Normally, a Translation Memory (TM) is created when translators start working on a client’s project document. Alternatively, a TM can be compiled from previous translation projects and reused old files using a CAT alignment tool.

Creating a TM is a simple task if the source and target file share the same editable format. However, if your source file is a PDF document, you may have some difficulties:

1. Due to poor PDF converter results, the content of a project document may be recreated with errors, which will cause bad segmentation (see the example below). Too many broken or misaligned segments may eventually jeopardize the accuracy of the TM. 
This may also pose a risk of contamination of the Translation Memory. Unfortunately, a misaligned or broken segment can be fixed only manually, which may require some time.

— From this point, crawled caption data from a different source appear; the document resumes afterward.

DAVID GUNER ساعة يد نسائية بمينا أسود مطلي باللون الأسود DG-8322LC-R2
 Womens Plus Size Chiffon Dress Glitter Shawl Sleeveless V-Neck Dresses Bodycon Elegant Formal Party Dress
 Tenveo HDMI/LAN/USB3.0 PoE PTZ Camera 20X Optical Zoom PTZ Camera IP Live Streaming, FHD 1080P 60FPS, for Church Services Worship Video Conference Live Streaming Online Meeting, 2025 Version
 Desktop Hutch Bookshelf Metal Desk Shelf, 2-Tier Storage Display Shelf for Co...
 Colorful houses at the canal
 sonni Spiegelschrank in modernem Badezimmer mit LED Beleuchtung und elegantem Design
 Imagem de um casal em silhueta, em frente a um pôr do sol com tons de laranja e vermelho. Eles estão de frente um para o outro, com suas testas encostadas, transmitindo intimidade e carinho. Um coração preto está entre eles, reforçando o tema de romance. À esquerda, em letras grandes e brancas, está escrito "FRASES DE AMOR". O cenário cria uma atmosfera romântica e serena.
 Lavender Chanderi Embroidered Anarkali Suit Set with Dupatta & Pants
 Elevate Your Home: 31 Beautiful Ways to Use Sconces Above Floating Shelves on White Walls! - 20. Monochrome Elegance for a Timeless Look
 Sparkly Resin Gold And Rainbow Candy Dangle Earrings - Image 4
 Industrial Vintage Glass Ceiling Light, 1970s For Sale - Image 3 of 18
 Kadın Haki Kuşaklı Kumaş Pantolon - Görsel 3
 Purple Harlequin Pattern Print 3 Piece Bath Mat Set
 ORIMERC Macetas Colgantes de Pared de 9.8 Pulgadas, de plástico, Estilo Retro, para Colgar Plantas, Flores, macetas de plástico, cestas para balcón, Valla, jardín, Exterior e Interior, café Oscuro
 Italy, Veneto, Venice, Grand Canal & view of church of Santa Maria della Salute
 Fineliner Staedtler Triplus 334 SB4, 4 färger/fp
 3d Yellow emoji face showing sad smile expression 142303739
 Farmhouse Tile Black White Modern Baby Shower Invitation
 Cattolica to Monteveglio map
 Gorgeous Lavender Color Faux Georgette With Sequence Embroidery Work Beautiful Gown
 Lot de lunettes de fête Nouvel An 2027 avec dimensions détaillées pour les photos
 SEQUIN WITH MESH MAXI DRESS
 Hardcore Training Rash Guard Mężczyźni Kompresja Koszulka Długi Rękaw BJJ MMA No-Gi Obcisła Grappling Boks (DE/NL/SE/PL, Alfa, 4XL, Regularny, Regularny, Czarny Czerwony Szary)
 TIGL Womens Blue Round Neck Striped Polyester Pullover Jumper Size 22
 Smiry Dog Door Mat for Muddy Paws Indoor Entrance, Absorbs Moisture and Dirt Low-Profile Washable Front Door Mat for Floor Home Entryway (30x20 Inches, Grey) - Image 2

    2. Deficient conversion can also result in some of the PDF content getting lost, as illustrated by the screenshot below.

    3. To recreate the exact layout of the source PDF, an automatic PDF converter often utilizes an excessive number of section breaks to control the flow of the text. A section break, like a hard return, is also one of the markers, or delimiters, used by CATs to know where to divide the text into sentence-segments. Any text with an excessive number of breaks is then poorly and illogically fragmented. 

    Not only is it a pain to translate, it is also very detrimental for the TM: When the misaligned segments are “fed” back into the CAT, the TM is contaminated with unusable sentence fragments and unnecessary tags. This can lead to all sorts of issues, including excessive spaces, empty paragraphs, line breaks, etc., as the example below illustrates. 

    The only solution here is to optimize the post-OCR source documentation—to improve formatting and boost your TM leverage. If properly prepared, the post-OCR file will be better formatted, with any excessive tags removed and no mid-sentence breaks left, which will eventually increase TM match stats. All this, in the end, will improve the quality of the TM and the results of its use in the future. In the long term, a more responsible approach to formatting will help increase the value of your translation memories.

    Please remember that carefully and systematically managed TMs can help both your clients and vendors gain confidence and have peace of mind trusting your translation resources and your consistency in using best DTP and formatting practices. It is a win-win for everybody.